▶ _EXERCISE AIM_
What you return must be exactly the lines from the beginning of the material through the line containing "Used 2020 Chevrolet", both included, and no pictures.

§

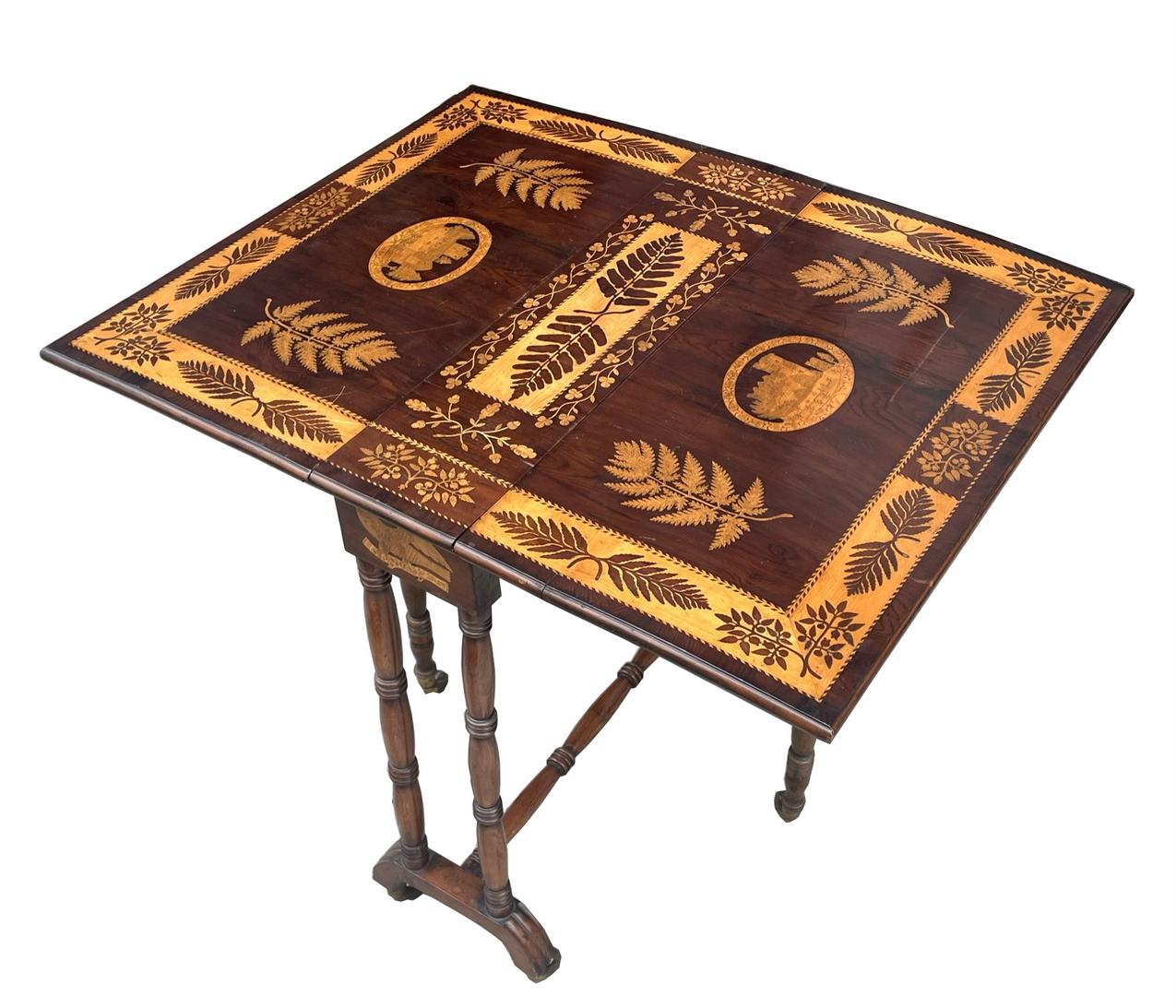 Extrêmement rare table d'appoint Sutherland à double abattant en bois d'abutus marqueté irlandais, de qualité musée, début du XIXe siècle. 

Fermement attribué à l'œuvre de Jeremiah O'Connor, Killarney. Irlande. 
L'ensemble de la partie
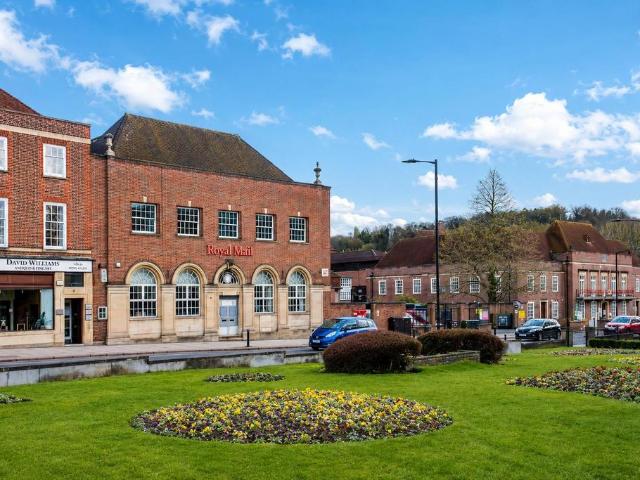 Flat for rent in Daws Hill, Cressex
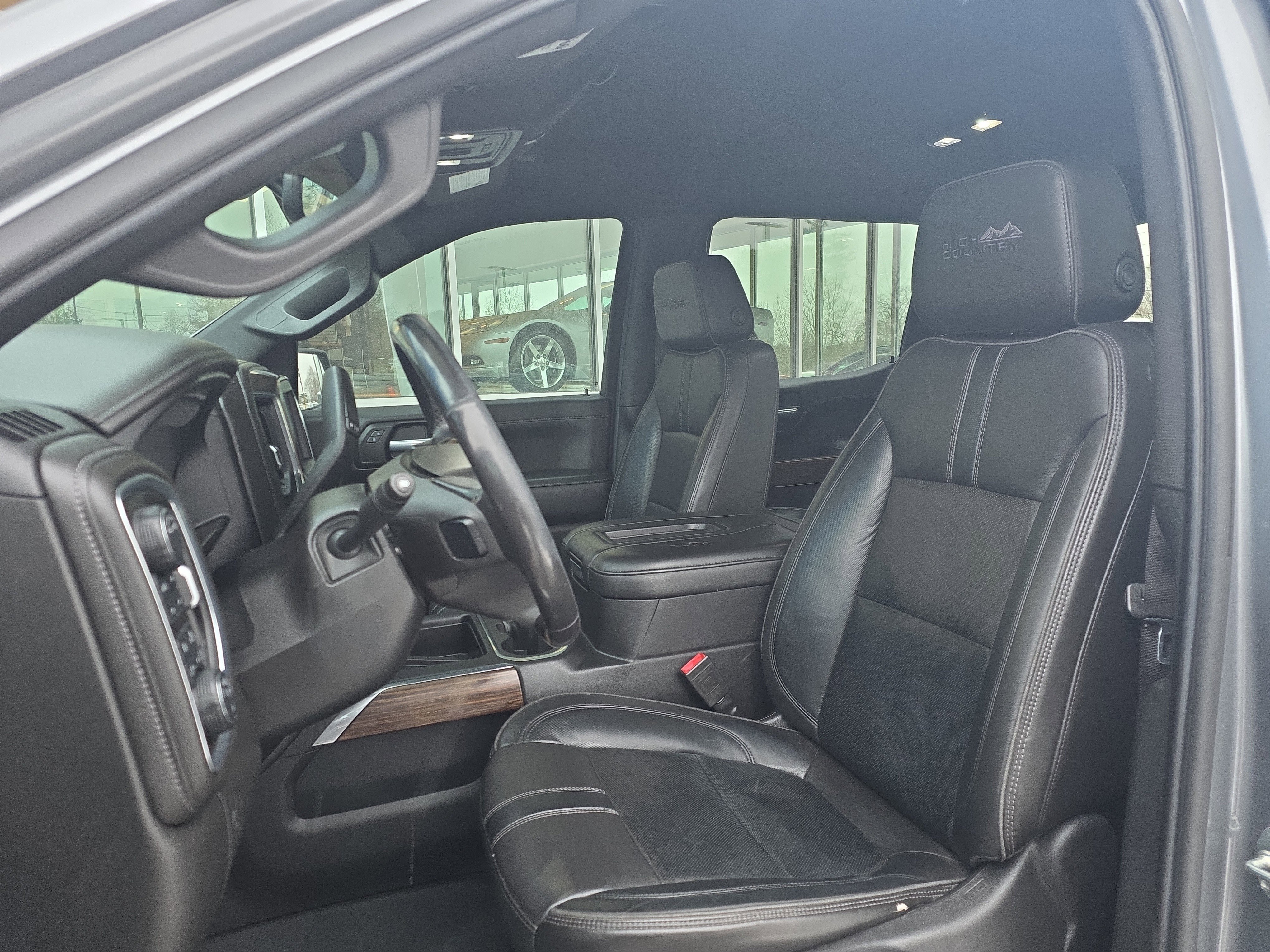 Used 2020 Chevrolet Silverado 1500 High Country w/ Technology Package image 14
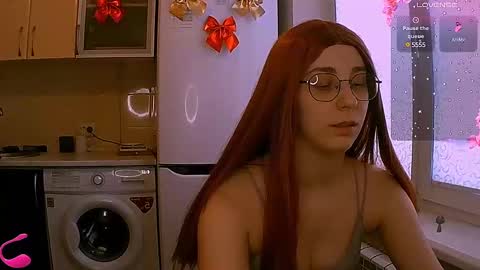 Snapshot of ellies_8 chatting on 02/08/25, 10:50 Ellie online show from 02/08/25, 10:50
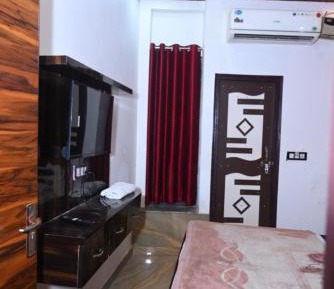 Double Room with Private Bathroom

§

▶ _THE ANSWER_
 Extrêmement rare table d'appoint Sutherland à double abattant en bois d'abutus marqueté irlandais, de qualité musée, début du XIXe siècle. 

Fermement attribué à l'œuvre de Jeremiah O'Connor, Killarney. Irlande. 
L'ensemble de la partie
 Flat for rent in Daws Hill, Cressex
 Used 2020 Chevrolet Silverado 1500 High Country w/ Technology Package image 14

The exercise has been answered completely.